Nim - initial situation
Nim - initial situation

Nim is a combinatorial game for two players based on removing objects (usually matchsticks) from several heaps. In every turn the player may remove several objects from one heap (but always at least one, maximum number of removed objects differs according to rules of the given Nim variant). In a standard game the player, who takes the last object, wins. In an often played misère game loses the player, who takes the last object.

History of the game

Origins of Nim have not been completely clarified, but it is supposed that the game originated in China. First European references to this game are from 16. century. A winning strategy for Nim was proved and published by Charles L. Bouton in 1901 in the article Nim, a game with a complete mathematical theory.

Winning strategy

At first, we have to convert a number of objects (matchsticks) to the binary numeral system. Let's suppose that we have 3 heaps with 3, 4 and 5 objects. The player may remove at most 3 objects from exactly one heap.

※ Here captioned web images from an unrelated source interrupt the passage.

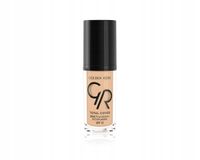 Golden Rose podkład i korektor 2w1 kryjący Total Cover 30 ml 02 Ivory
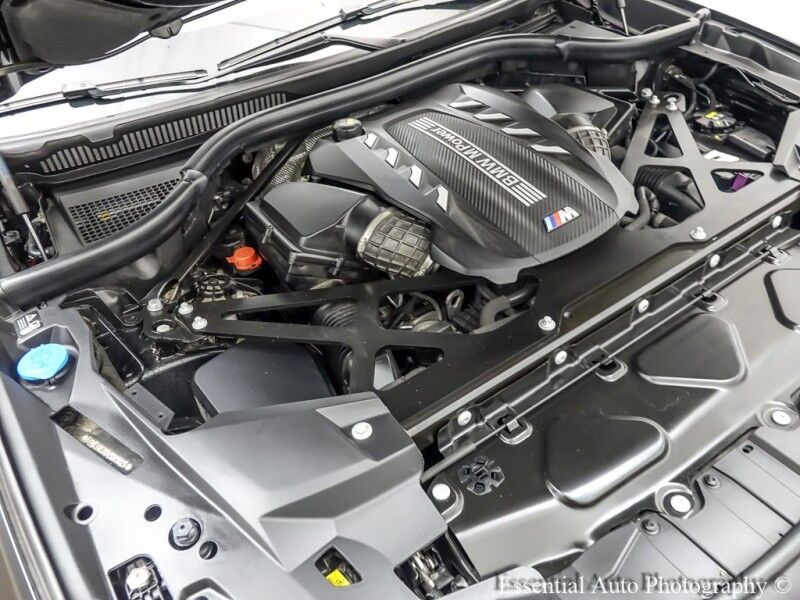2021 BMW X6 M Willowbrook IL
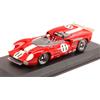 Best Model LOLA T70 SPYDER N.11 5th CAN-AM BRIDGEHAMPTON 1967 L.MOTSCHENBACHER 1:43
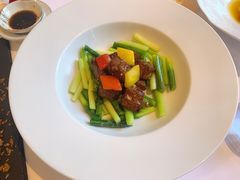 -宝丽轩中餐厅BAOLIXUAN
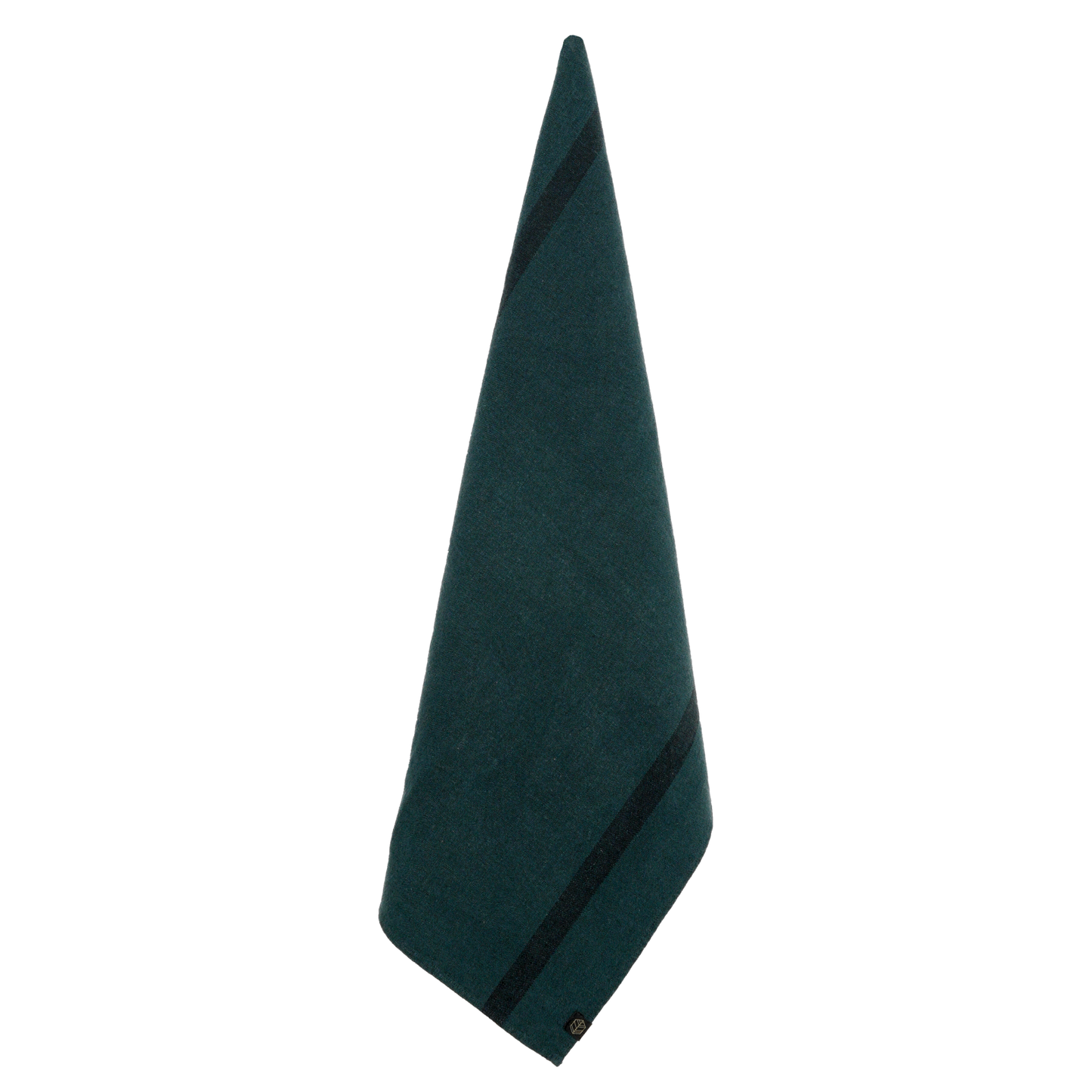 Torchon Come en Lin et Coton 46x70 cm - Haomy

\\begin{array}{l} 3 = 011_{2} \\\\ 4 = 100_{2} \\\\ 5 = 101_{2} \\\\ \\end{array}

Now we sum the binary sum sizes together, while neglecting carries from one digit to another (we perform XOR operation). The result is called nim-sum.

\\begin{array}{r l} 3 =&011_{2} \\\\ 4 =&100_{2} \\\\ 5 =&101_{2} \\\\ \\hline & 010_{2} \\\\ \\end{array}

To get into the winning position, we must always make sure that the nim-sum is equal to zero. In this case, we have to perform such operation, which will set the middle digit to zero – we have to remove two objects from the first heap.

\\begin{array}{r l} 1 = & 001_{2} \\\\ 4 = & 100_{2} \\\\ 5 = & 101_{2} \\\\ \\hline & 000_{2} \\end{array}

It can be proved, that the opponent cannot turn the game – he cannot make the nim-sum equal to zero and if he takes any step, we will be able to reset nim-sum again.

Misère Nim modification

The winning strategy for misère game is almost the same. The only difference is in endgame, when there remain only heaps of size 1 – in this situation we remove objects in a way that there remains always an odd number of heaps (in standard game, there will always remain even number of heaps).

Sources

  • BOUTON, L. Charles. The Annals of Mathematics, 2nd Ser., Vol. 3, No. 1/4. (1901 - 1902), pp. 35-39.
  • Nim. In Wikipedia : the free encyclopedia [online]. St. Petersburg (Florida) : Wikipedia Foundation, 25 February 2002, last modified on 22 November 2010 [2010-11-27]. Available at WWW: <http://en.wikipedia.org/wiki/Nim>.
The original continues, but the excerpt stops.